Attorneys for Baltimore and fossil fuel interests are scheduled to face off tomorrow in a closely watched climate litigation case that could signal which courts may ultimately hear allegations that the oil and gas industry misled the public about the dangers of global warming.
The oral arguments before a Virginia appeals court will be the first since a Supreme Court ruling in May found that appellate judges could consider a broader range of factors when deciding whether liability lawsuits should be heard in state or federal court (Greenwire, May 24, 2021).
The procedural ruling in Mayor and City Council of Baltimore v. BP PLC, was seen as a win for the companies, who argue that energy production is a federal issue and see the federal courts as a friendlier venue.
Baltimore, which originally filed its climate liability lawsuit against BP, Exxon Mobil Corp. and 24 other oil companies in state court in 2018, will argue that the cases — which seek damages for the costs of dealing with climate change effects such as sea-level rise and flooding — should be heard at the state level.
The outcome could influence other cases; nine similar climate litigation cases were sent back to the appellate level after the Supreme Court ruling. The 9th U.S. Circuit Court of Appeals in Hawaii is scheduled to hold arguments Feb. 18 in a similar case (Climatewire, Jan. 13).
“Judges look at other judges’ work,” said Georgetown Law professor William Buzbee. “Each time a court begins to explore and clarify what is tenable and what isn’t, it shifts the playing field, it narrows what the cases are about and begins to both illuminate arguments and introduce others.”
Attorneys watching the case suggested the companies are looking at the case as a way to convince the Supreme Court to wade into the merits of climate litigation.
“This is an important case,” said Bob Percival, director of the University of Maryland’s environmental law program. “I don’t think the companies realistically think they’re going to win … but what they’re hoping is to set up a vehicle to go to the Supreme Court and say ‘Now, you can be really aggressive and preempt all climate litigation.’”
Percival noted the high court last May made it clear that it was not accepting the industry’s invitation to decide the case on the merits.

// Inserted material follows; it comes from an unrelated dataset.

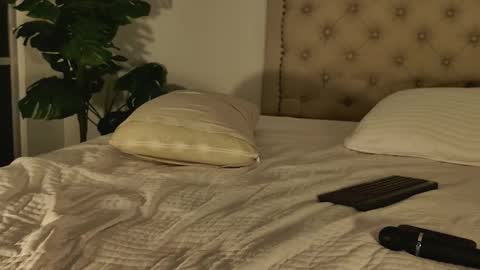 Snapshot of scarlett_grand chatting on 10-28-25, 05:00 Scarlett Grand online show from 10-28-25, 05:00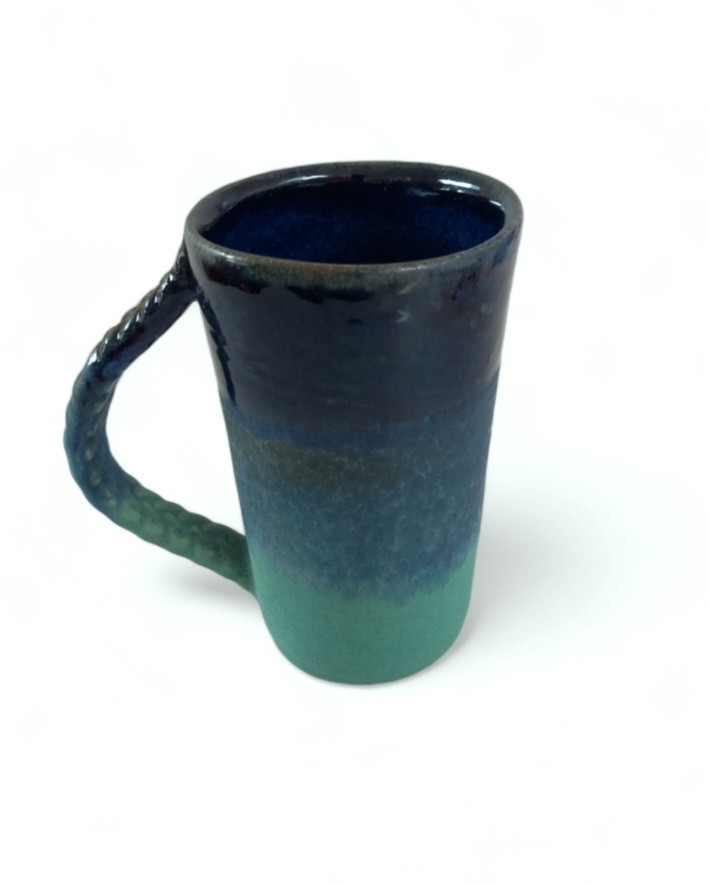 Thumbnail: Tall Mug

“They want to get an activist Supreme Court to wipe out the biggest headache facing these oil companies, they desperately want to avoid a trial that would expose to the public what they knew about climate change,” he said.

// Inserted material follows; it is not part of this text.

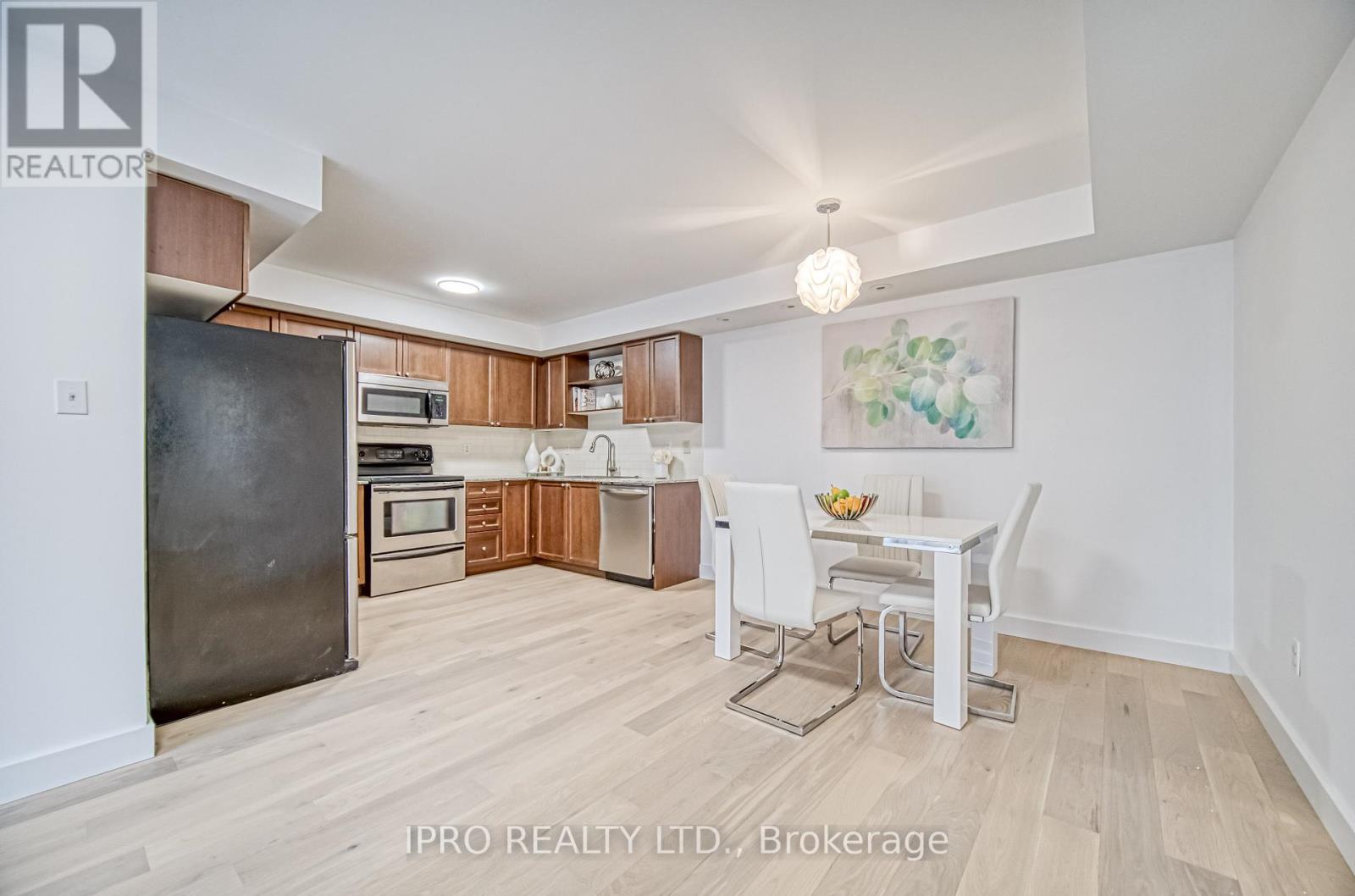75 Carroll Street, Toronto, Ontario  M4M 3G3 - Photo 13 - E12167432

Phil Goldberg, special counsel for the Manufacturers’ Accountability Project, an initiative of the National Association of Manufacturers that opposes the climate liability litigation, said the companies will argue that addressing climate change requires a coordinated federal approach.
“These are federal policy issues, and they need to be heard at the federal level and decided at the federal level,” Goldberg said. “It should not be decided by individual state judges on a state-by-state basis.”

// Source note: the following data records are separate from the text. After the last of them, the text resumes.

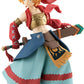POP UP PARADE Legend of Mana -The Teardrop Crystal- Shiloh Complete Figure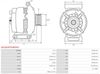 A5126(MITSUBISHI)_256962.JPG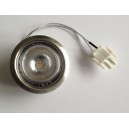 LUZ DE LED AEG 4055308243 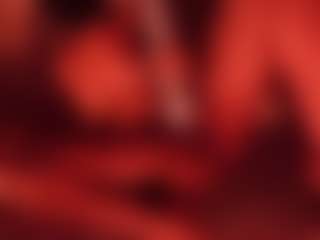 SpinPrincess's Live Sex Cam Show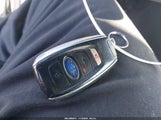 Subaru Outback 2.5I Limited 4S4BSANC7H3343664 снимка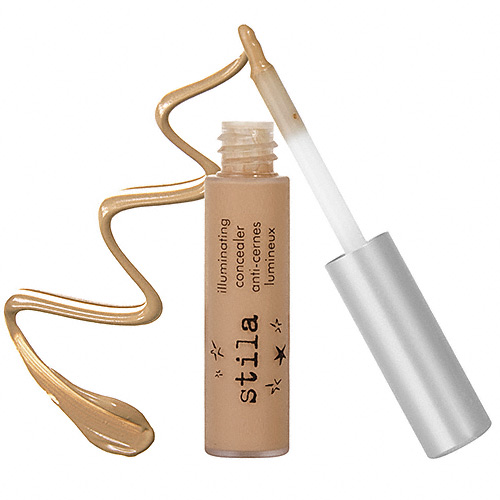 Illuminated Concealer Medium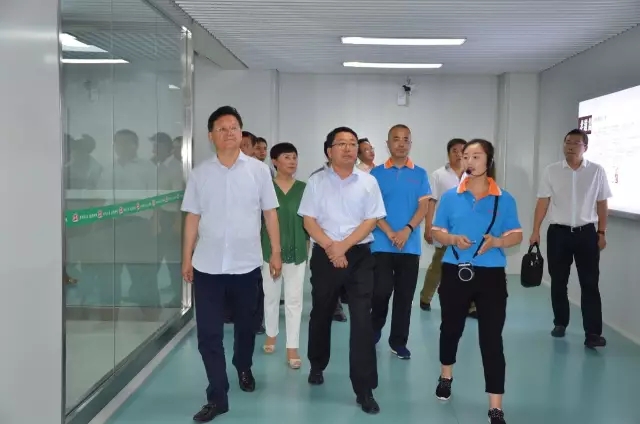东升国际官网-相信品牌力量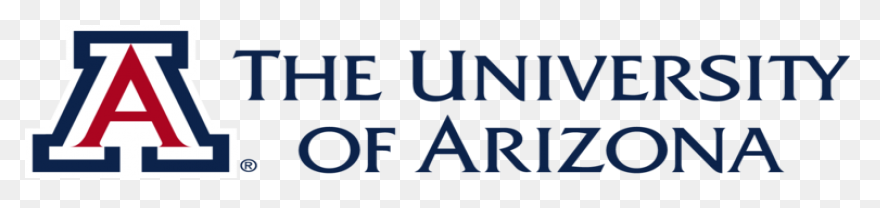 University Of Arizona - Engage - Vi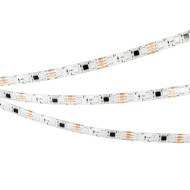 Светодиодная герметичная лента Arlight SPI-SE-B60-10mm 12V RGB-PX3-BPT (12 W/m, IP65, 5060, 5m) 039597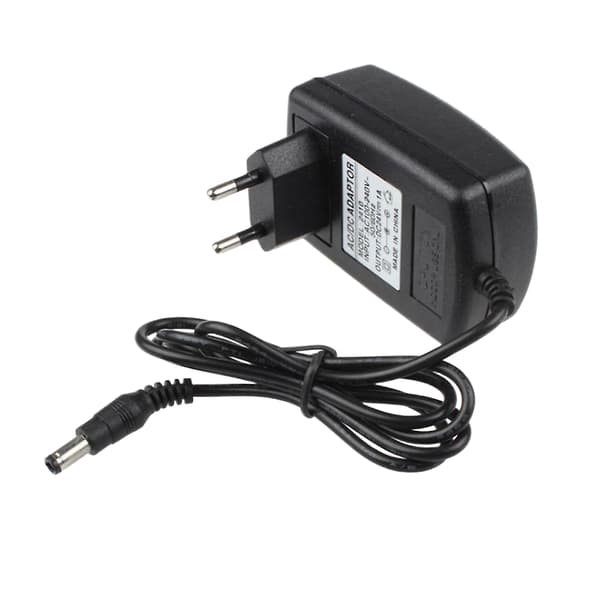 AC-adapter Lader for Bose Soundlink 1 2 3 Bærbare Høytalere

In the association’s friend of the court brief filed in August, it argued that to resolve the various state and municipal climate change claims, state courts would need to “create new rules governing the international production, sale, promotion, and use of fossil fuels.”
That, the association said, would “undermine national energy objectives, including federal efforts on the climate, energy independence, the stability of the electric grid, and energy affordability.”